Джейми ждал, раздумывая, относится ли это ирландское стихотворение к словам, сказанным женщиной. «Если ты отправляешь бедного Джона в Ирландию…»

Джон Грей мог бы отправляться с его благословения хоть в Ирландию, хоть к черту, но напоминание о Куинне и его ирландской затее бросило Джейми Фрейзера в дрожь.

Внезапно Пардлоу скомкал бумагу в комок и швырнул ее в стену, как мячик, с возгласом на греческом языке.

— И какое это имеет отношение к Сиверли? — требовательно спросил он, глядя на Джейми.

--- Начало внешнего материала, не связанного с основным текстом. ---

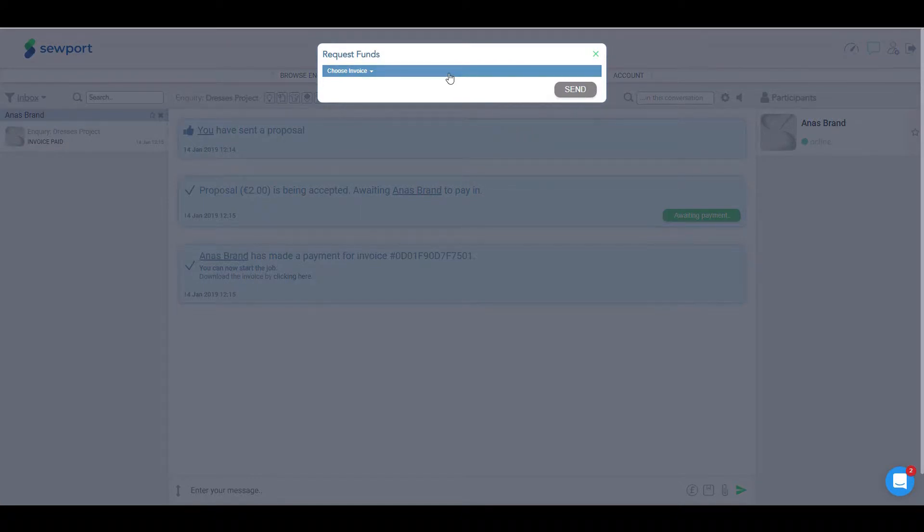Once selected, a window will open with a selection of invoices that have funds available for release.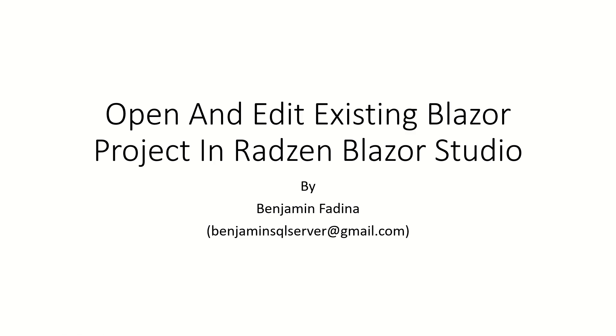In this tutorial, I show you how to open and edit an existing Blazor project in Radzim Blazor Studio.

— Сиверли, — повторил тот, пораженный, — Джеральд Сиверли? — он был готов откусить себе язык, заметив, как меняется лицо герцога.

— Вы знаете его, — сказал Пардлоу. Он говорил тихо, словно охотник, боящийся спугнуть дичь.

Не было смысла отрицать. Джейми пожал плечами.

— Я знал когда-то человека с таким именем. Ну и что?

Герцог откинулся назад, глядя на Джейми.

— И что, в самом деле? Будете ли вы так любезны рассказать мне, при каких обстоятельствах познакомились с Джеральдом Сиверли?

Джейми прикинул, отвечать ему или нет. Он ничем не был обязан Сиверли, и, скорее всего, не мог навредить ему, учитывая, что он понятия не имел, зачем Пардлоу вызвал его сюда. Возможно, ему придется быть невежливым, но не сейчас. Кроме того, герцог накормил его. Как бы подтверждая эту мысль, герцог полез в шкаф и достал пузатую бутылку коричневого стекла и пару истертых оловянных стаканов.

— Это не взятка, — пробормотал он, поставив их на стол с мимолетной улыбкой. — Я не могу сохранять самообладание без этого напитка, когда говорю о Сиверли.

Вспомнив эффект вина после длительного воздержания, Джейми собирался отказаться, но услышав запах из откупоренной бутылки, он кивнул, соглашаясь.

— Сиверли, — медленно сказал он, поднимая стакан. — Как же я с ним познакомился?

Ответ пришел так же неожиданно, как и вопрос. Мина Ренни, ныне известная как герцогиня Пардлоу. Он отмел в сторону эту мысль, медленно вдыхая терпкий запах.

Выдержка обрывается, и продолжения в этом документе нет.